Dituduh tanpa adanya bukti, Misbakhun langsung membatah karena menurutnya tidak ada bukti sama sekali dan juga menurut Misbakhun, Andi Arief selalu menuduh tanpa adanya bukti.

"Soal tuduhan yang disampaikan silakan tanya ke Mas Andi Arief lagi. Kan dia yang melempar isu itu. Silahkan dia yang membuktikan. Selama ini kan dia sukanya menuduh tanpa bukti. Bicara soal Jenderal Kardus, bicara soal mahar politik semua isu yang dia lemparkan lenyap begitu saja tanpa bukti," kata Misbakhun dalam keterangan yang diterima Akurat.Co, Kamis (13/9).

Menurut politisi Partai Golkar ini, John Berthelsen tidak hanya menulis artikel tentang skandal Century, tetapi juga menulis artikel skandal besar di negara lainnya, karena fokusnya hanya pada skandal-skandal besar di negara lain. 

"Perihal tulisan di Asia Sentinel itu juga tidak sepenuhnya baru, karena sudah menjadi temuan audit investigasi BPK dan Pansus Angket DPR 2009-2014. Semua juga sudah terpublikasi," pungkasnya.

Misbakhun juga kembali menegaskan bahwa dirinya tidak punya kekuasaan sama sekali untuk menggerakkan media asing seperti yang dituduhkan oleh Wasekjen Demokrat itu.

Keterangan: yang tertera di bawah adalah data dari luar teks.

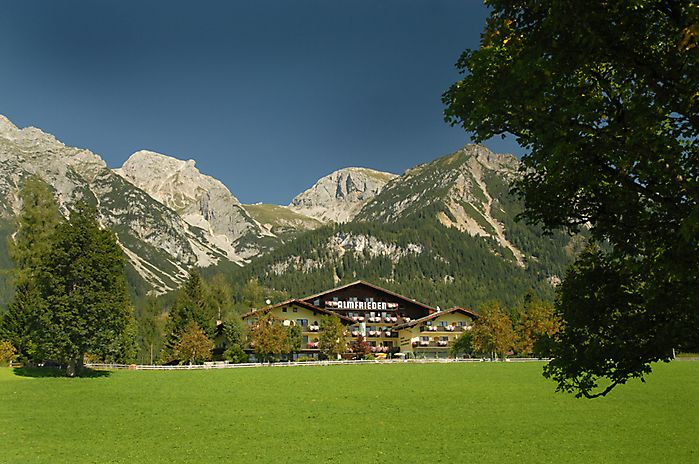 Auf einer grünen Wiese, umgeben von Bäumen und vor der Kulisse schroffer, bewaldeter Berge, steht ein Gebäude im Stil einer Lodge unter einem strahlend blauen Himmel.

"Memangnya saya ini siapa kok sampai dianggap bisa menggerakkan media asing untuk menulis soal Century," ucapnya.

Soal mengaitkan kasus Century dengan dirinya, bekas politikus PKS itu menegaskan bahwa jelas ia sama sekali tidak terkait dengan kasus Century sesuai hasil putusan pada tingkat Peninjauan Kembali (PK) Mahkamah Agung.

"Saya bebas murni pada tahun 2012. Di putusan PK tersebut, sangat jelas dibatalkan semua putusan Pengadilan Negeri, Pengadilan Tinggi dan Kasasi sehingga semua putusan yang menghukum saya dibatalkan dan nama baik saya sudah direhabilitasi lewat putusan pengadilan tingkat PK tersebut," jelasnya.